EXERCISE GOAL | Verbatim output required. Print the data in full.
____
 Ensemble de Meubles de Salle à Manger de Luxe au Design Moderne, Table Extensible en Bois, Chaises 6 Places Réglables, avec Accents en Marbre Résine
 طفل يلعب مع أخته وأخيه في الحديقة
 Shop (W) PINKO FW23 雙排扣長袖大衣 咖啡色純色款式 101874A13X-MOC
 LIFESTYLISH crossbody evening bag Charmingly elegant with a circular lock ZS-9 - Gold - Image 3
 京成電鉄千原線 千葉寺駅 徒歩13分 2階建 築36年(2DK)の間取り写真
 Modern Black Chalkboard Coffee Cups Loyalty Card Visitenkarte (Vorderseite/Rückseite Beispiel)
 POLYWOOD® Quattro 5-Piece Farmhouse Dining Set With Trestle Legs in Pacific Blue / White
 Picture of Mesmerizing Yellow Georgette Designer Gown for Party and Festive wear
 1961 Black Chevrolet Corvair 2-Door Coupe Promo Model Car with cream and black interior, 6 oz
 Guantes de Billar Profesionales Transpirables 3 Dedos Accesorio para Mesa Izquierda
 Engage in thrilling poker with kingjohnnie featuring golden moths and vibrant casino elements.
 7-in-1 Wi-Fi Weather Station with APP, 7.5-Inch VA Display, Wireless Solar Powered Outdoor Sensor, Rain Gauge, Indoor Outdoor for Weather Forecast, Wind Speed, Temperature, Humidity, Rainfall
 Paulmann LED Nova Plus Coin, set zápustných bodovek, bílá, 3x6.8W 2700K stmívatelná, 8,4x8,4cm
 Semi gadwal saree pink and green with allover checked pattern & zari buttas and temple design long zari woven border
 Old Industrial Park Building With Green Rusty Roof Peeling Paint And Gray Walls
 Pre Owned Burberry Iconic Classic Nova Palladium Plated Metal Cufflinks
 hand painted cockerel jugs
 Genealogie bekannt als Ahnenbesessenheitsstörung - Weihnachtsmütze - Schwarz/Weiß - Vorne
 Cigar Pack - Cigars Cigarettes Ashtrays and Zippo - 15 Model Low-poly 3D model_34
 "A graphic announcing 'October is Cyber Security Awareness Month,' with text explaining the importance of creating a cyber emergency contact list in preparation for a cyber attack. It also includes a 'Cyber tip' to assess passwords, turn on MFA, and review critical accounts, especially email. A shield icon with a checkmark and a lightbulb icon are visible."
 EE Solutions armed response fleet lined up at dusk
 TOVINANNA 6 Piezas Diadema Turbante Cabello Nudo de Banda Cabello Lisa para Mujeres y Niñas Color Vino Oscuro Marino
____
FINAL ANSWER |
 Ensemble de Meubles de Salle à Manger de Luxe au Design Moderne, Table Extensible en Bois, Chaises 6 Places Réglables, avec Accents en Marbre Résine
 طفل يلعب مع أخته وأخيه في الحديقة
 Shop (W) PINKO FW23 雙排扣長袖大衣 咖啡色純色款式 101874A13X-MOC
 LIFESTYLISH crossbody evening bag Charmingly elegant with a circular lock ZS-9 - Gold - Image 3
 京成電鉄千原線 千葉寺駅 徒歩13分 2階建 築36年(2DK)の間取り写真
 Modern Black Chalkboard Coffee Cups Loyalty Card Visitenkarte (Vorderseite/Rückseite Beispiel)
 POLYWOOD® Quattro 5-Piece Farmhouse Dining Set With Trestle Legs in Pacific Blue / White
 Picture of Mesmerizing Yellow Georgette Designer Gown for Party and Festive wear
 1961 Black Chevrolet Corvair 2-Door Coupe Promo Model Car with cream and black interior, 6 oz
 Guantes de Billar Profesionales Transpirables 3 Dedos Accesorio para Mesa Izquierda
 Engage in thrilling poker with kingjohnnie featuring golden moths and vibrant casino elements.
 7-in-1 Wi-Fi Weather Station with APP, 7.5-Inch VA Display, Wireless Solar Powered Outdoor Sensor, Rain Gauge, Indoor Outdoor for Weather Forecast, Wind Speed, Temperature, Humidity, Rainfall
 Paulmann LED Nova Plus Coin, set zápustných bodovek, bílá, 3x6.8W 2700K stmívatelná, 8,4x8,4cm
 Semi gadwal saree pink and green with allover checked pattern & zari buttas and temple design long zari woven border
 Old Industrial Park Building With Green Rusty Roof Peeling Paint And Gray Walls
 Pre Owned Burberry Iconic Classic Nova Palladium Plated Metal Cufflinks
 hand painted cockerel jugs
 Genealogie bekannt als Ahnenbesessenheitsstörung - Weihnachtsmütze - Schwarz/Weiß - Vorne
 Cigar Pack - Cigars Cigarettes Ashtrays and Zippo - 15 Model Low-poly 3D model_34
 "A graphic announcing 'October is Cyber Security Awareness Month,' with text explaining the importance of creating a cyber emergency contact list in preparation for a cyber attack. It also includes a 'Cyber tip' to assess passwords, turn on MFA, and review critical accounts, especially email. A shield icon with a checkmark and a lightbulb icon are visible."
 EE Solutions armed response fleet lined up at dusk
 TOVINANNA 6 Piezas Diadema Turbante Cabello Nudo de Banda Cabello Lisa para Mujeres y Niñas Color Vino Oscuro Marino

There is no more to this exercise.